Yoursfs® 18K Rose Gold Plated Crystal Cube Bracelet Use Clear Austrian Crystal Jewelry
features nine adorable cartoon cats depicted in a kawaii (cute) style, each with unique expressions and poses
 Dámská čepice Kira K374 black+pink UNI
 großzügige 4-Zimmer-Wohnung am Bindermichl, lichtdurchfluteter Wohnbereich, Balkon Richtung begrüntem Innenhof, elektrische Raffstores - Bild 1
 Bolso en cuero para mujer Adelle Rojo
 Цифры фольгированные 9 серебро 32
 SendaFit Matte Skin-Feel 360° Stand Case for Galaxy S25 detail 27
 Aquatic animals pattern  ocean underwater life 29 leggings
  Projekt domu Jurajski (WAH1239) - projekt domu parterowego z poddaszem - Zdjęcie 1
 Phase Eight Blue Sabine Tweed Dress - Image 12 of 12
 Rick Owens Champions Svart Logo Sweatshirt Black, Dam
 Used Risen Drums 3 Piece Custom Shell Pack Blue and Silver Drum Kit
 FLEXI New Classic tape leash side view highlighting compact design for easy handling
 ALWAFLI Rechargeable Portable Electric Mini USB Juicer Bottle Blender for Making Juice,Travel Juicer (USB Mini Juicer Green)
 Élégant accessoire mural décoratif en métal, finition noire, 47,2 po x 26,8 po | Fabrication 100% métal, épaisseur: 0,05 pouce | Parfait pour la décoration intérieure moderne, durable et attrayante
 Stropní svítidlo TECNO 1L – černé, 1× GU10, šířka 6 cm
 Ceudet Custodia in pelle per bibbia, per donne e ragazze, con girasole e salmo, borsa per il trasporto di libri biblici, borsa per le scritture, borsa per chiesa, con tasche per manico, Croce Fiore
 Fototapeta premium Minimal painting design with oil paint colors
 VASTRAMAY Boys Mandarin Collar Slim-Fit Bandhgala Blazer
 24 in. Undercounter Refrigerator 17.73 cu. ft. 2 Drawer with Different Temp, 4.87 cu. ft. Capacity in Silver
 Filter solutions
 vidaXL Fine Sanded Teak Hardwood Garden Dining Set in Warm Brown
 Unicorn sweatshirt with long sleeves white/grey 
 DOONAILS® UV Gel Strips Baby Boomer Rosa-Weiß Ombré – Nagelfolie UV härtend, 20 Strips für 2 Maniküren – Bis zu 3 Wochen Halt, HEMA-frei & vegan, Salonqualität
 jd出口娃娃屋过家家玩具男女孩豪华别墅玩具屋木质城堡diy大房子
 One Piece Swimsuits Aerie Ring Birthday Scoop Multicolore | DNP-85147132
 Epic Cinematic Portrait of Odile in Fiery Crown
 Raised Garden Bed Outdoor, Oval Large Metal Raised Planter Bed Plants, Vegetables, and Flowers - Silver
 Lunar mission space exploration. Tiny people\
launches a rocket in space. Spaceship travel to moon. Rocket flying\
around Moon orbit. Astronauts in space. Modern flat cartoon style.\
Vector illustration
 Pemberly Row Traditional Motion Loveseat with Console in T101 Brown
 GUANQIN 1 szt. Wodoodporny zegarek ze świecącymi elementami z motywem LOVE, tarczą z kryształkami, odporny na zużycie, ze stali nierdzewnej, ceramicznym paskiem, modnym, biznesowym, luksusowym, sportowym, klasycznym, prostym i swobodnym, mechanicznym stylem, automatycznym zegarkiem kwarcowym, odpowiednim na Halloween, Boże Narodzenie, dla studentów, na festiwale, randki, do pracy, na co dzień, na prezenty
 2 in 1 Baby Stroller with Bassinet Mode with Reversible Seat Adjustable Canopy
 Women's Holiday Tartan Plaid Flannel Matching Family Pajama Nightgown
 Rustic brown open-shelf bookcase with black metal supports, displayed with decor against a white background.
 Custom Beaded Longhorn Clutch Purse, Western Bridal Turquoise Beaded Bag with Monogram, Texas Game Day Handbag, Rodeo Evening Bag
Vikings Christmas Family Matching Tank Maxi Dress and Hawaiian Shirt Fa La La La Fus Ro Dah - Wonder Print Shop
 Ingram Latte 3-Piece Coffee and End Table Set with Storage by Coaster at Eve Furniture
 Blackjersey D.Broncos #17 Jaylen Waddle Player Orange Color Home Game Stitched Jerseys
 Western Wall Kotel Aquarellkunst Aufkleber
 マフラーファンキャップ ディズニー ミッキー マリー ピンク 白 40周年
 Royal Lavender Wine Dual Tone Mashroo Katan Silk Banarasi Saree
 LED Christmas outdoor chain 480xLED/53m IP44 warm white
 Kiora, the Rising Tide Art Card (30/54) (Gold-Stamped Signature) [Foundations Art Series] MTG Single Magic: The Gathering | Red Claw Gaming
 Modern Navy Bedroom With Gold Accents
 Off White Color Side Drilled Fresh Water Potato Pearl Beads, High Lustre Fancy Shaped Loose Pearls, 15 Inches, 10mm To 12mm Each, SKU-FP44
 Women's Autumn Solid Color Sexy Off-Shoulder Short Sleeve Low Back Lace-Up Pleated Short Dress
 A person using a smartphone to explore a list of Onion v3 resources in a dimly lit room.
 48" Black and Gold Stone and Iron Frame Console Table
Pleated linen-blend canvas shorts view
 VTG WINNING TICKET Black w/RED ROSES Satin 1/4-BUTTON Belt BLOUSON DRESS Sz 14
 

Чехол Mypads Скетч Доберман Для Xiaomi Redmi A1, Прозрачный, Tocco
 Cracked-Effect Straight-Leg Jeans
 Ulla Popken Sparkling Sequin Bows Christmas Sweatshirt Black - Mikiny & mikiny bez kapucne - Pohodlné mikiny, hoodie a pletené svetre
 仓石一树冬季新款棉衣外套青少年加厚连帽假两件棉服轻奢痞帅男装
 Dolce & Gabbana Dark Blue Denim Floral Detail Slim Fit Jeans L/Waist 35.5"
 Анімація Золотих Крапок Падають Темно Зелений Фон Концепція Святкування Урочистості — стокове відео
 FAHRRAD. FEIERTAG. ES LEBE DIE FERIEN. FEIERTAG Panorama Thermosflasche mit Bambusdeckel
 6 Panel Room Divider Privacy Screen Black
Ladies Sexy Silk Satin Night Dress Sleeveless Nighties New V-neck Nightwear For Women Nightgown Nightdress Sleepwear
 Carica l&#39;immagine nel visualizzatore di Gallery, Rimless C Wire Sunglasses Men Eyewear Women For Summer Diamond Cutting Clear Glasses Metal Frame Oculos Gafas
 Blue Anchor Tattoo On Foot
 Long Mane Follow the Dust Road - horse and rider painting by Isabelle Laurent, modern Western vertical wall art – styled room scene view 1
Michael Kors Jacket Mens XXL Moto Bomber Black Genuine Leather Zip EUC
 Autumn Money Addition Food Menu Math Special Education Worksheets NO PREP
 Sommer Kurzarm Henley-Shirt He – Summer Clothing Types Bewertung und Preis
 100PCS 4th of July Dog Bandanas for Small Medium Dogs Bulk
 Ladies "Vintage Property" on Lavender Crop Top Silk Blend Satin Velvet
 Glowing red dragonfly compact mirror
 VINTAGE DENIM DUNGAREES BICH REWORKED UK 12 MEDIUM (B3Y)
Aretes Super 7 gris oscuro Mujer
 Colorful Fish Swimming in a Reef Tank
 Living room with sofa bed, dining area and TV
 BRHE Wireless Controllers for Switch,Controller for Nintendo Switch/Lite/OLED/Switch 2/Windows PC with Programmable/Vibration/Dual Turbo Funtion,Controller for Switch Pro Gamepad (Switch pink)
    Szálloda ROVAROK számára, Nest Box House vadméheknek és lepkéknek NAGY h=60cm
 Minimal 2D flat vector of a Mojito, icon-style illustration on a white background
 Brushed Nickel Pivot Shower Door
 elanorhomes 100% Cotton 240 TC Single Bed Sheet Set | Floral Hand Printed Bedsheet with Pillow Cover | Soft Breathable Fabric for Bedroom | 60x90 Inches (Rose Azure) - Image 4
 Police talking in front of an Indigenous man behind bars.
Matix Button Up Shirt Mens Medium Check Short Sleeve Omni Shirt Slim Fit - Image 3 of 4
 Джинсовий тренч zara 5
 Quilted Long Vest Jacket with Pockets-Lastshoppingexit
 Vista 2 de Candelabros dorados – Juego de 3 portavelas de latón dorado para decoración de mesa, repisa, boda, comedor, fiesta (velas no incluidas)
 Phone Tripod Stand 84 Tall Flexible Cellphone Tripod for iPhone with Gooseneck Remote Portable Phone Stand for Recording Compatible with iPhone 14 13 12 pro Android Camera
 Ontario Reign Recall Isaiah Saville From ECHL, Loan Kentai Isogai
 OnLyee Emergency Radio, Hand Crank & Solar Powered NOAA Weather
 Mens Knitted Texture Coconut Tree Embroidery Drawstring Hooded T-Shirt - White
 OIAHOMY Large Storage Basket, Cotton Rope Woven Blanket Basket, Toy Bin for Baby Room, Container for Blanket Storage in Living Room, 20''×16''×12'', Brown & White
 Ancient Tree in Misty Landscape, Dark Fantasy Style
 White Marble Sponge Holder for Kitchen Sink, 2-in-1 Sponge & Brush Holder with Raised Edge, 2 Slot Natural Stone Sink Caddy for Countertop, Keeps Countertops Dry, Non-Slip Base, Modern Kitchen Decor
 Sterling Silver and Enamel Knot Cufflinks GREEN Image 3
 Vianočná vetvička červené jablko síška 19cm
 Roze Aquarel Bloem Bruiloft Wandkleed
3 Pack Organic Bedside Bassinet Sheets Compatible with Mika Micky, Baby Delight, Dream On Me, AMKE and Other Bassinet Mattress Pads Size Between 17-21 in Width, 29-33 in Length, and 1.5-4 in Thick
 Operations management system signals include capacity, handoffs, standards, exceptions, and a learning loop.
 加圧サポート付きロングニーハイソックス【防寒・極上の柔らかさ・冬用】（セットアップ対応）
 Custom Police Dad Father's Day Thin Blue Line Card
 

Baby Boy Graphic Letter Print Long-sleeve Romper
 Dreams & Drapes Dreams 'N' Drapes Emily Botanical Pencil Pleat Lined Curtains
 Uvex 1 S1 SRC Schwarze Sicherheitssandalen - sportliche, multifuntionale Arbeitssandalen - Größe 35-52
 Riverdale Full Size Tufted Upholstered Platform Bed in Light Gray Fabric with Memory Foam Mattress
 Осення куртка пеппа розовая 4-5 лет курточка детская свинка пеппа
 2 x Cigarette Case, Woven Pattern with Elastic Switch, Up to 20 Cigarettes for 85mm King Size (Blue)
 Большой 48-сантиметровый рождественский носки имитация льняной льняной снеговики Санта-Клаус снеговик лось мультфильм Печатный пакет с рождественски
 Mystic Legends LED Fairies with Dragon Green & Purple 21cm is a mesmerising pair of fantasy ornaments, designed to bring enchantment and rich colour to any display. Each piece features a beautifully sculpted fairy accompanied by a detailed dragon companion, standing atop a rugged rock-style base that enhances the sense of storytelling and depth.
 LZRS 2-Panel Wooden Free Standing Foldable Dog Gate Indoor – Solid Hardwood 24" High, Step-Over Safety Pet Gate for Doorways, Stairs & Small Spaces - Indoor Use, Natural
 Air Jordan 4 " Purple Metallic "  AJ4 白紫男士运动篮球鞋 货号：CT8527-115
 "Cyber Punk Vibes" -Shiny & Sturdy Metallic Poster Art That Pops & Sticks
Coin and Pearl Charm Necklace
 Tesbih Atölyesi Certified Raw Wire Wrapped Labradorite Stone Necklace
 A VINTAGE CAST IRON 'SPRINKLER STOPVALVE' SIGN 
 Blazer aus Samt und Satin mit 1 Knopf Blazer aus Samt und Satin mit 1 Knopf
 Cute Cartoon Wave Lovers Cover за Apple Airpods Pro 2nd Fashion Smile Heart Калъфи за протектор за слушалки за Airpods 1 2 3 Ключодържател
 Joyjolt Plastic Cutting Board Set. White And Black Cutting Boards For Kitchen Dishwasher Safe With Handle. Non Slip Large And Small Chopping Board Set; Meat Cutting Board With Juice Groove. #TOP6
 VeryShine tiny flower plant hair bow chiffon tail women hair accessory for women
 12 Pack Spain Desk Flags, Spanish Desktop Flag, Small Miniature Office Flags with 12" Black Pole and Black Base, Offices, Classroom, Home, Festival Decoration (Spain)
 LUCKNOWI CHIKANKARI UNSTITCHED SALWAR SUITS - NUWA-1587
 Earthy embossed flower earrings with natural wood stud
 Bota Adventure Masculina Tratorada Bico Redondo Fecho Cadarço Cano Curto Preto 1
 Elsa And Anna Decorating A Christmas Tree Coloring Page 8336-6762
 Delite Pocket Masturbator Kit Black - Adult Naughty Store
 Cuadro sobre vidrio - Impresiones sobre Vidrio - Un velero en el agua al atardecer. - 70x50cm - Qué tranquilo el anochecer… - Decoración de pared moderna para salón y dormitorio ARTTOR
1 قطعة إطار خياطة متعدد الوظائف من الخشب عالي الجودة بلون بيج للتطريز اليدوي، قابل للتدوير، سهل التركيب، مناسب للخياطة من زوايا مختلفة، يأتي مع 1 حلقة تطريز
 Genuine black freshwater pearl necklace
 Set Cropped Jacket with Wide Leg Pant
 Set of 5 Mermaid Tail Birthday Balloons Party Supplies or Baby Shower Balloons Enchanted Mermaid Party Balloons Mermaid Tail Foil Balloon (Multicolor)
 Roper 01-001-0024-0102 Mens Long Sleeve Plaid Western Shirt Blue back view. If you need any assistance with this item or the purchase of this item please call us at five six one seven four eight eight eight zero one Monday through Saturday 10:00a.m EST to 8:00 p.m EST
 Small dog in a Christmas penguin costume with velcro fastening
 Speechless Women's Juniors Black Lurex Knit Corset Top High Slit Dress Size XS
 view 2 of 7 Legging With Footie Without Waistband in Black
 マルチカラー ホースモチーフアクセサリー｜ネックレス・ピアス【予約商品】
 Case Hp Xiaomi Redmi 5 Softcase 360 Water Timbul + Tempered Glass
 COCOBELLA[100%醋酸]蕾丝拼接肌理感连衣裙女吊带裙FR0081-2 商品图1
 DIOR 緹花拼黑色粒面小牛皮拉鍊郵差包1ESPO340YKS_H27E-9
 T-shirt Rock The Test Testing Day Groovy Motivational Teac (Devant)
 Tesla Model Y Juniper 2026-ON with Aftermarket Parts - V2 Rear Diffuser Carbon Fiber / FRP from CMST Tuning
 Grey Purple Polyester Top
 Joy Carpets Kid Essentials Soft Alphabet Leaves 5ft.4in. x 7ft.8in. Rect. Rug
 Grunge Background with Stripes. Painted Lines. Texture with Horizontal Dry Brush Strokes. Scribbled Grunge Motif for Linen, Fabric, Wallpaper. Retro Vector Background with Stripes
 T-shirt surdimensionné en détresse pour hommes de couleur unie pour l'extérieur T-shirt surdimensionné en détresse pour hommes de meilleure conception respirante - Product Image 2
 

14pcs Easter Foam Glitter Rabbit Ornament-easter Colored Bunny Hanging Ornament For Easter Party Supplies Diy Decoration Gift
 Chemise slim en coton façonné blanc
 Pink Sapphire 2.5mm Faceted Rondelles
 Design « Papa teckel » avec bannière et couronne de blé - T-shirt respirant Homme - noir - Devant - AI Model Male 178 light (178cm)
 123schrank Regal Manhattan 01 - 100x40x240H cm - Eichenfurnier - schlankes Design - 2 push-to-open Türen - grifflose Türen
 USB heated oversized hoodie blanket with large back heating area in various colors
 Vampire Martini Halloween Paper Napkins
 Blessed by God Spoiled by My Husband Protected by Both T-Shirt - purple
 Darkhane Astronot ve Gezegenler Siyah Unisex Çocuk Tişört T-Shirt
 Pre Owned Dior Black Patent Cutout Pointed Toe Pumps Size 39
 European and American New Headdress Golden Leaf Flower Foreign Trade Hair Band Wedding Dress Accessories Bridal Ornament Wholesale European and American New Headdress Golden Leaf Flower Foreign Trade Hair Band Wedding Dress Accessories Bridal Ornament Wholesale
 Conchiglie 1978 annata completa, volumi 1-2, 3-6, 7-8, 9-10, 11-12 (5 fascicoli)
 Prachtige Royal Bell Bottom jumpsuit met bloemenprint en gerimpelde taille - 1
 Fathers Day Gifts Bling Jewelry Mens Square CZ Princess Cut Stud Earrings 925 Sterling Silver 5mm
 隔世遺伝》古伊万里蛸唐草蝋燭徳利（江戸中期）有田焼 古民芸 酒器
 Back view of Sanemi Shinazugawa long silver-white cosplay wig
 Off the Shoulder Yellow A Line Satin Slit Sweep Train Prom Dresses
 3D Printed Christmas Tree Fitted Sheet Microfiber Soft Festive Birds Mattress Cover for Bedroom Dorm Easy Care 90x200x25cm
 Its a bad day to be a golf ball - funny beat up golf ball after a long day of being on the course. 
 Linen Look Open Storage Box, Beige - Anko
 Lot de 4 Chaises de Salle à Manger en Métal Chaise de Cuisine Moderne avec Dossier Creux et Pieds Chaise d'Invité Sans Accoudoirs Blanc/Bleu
##########
From the records above, quote only the lines running from the line with "Rustic brown open-shelf" to the line with "Royal Lavender Wine", both lines included.

* Response *
 Rustic brown open-shelf bookcase with black metal supports, displayed with decor against a white background.
 Custom Beaded Longhorn Clutch Purse, Western Bridal Turquoise Beaded Bag with Monogram, Texas Game Day Handbag, Rodeo Evening Bag
Vikings Christmas Family Matching Tank Maxi Dress and Hawaiian Shirt Fa La La La Fus Ro Dah - Wonder Print Shop
 Ingram Latte 3-Piece Coffee and End Table Set with Storage by Coaster at Eve Furniture
 Blackjersey D.Broncos #17 Jaylen Waddle Player Orange Color Home Game Stitched Jerseys
 Western Wall Kotel Aquarellkunst Aufkleber
 マフラーファンキャップ ディズニー ミッキー マリー ピンク 白 40周年
 Royal Lavender Wine Dual Tone Mashroo Katan Silk Banarasi Saree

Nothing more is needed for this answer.